Taslima’s bigger complaint has been about the loneliness of virtual house arrest. She has been in a Delhi safe house since November, living under tight security and denied the freedom to go out or meet people as she pleased.
She has kept saying she wants to return to Calcutta but the government has not allowed that, citing security concerns.
Her visa extension in February came with the rider that she remain sensitive to India’s traditions and secular ethos — which effectively meant she must keep her mouth shut.
Asked if she would return to India after treatment, Taslima told PTI she would love to be back, especially to Calcutta, if she was allowed to live a normal life.
The author was packed off from Calcutta after protesters demanding her expulsion rioted on the streets. Several Islamic groups have continued to demand that she be asked to leave India for hurting Muslim sentiments through her writings.

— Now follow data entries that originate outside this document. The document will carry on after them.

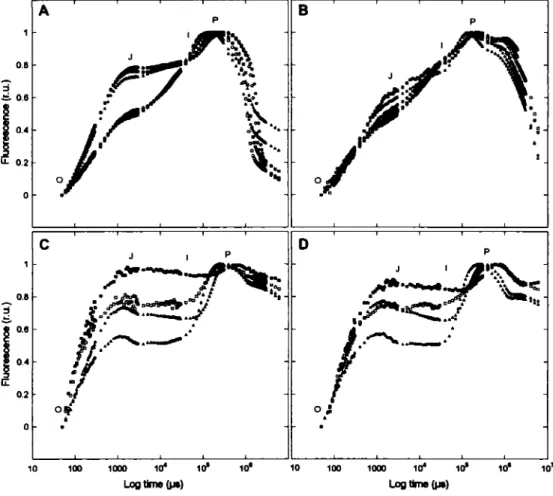 Figure  2.1.  Fast fluorescence  kinetics  of S.  obliquus (A),  N  pelliculosa (B),  and  M  aeruginosa  CPCC632  (C)  and  CPCC299  (D),  acclimated  to  10°C  (circles),  15°C  (squares) or 25°C  (triangles), control (empty symbols) or exposed to  atraz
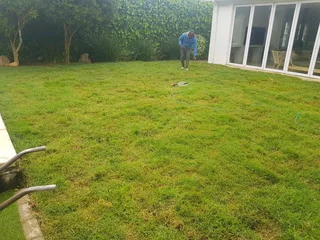 WE SUPPLY KIKUYU GRASS BUFFALO GRASS LM BEREA GRASS AND CYNODON GRASS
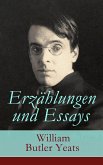 Erzählungen und Essays (eBook, ePUB)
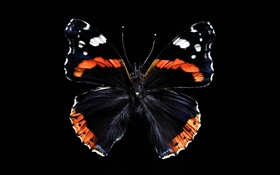 Butterfly beautiful wings, black background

Taslima has posted two articles on her official website since she was shifted to the Delhi safe house. In the second of them, she spoke of “defeat”.
“I am but a simple writer who neither knows nor understands the dynamics of politics. The way in which I was turned into a political pawn, however, and treated at the hands of base politicians, beggars belief. For what end, you may well ask. A few measly votes,” she wrote.
“The force of fundamentalism, which I have opposed and fought for many years, has only been strengthened by my defeat.”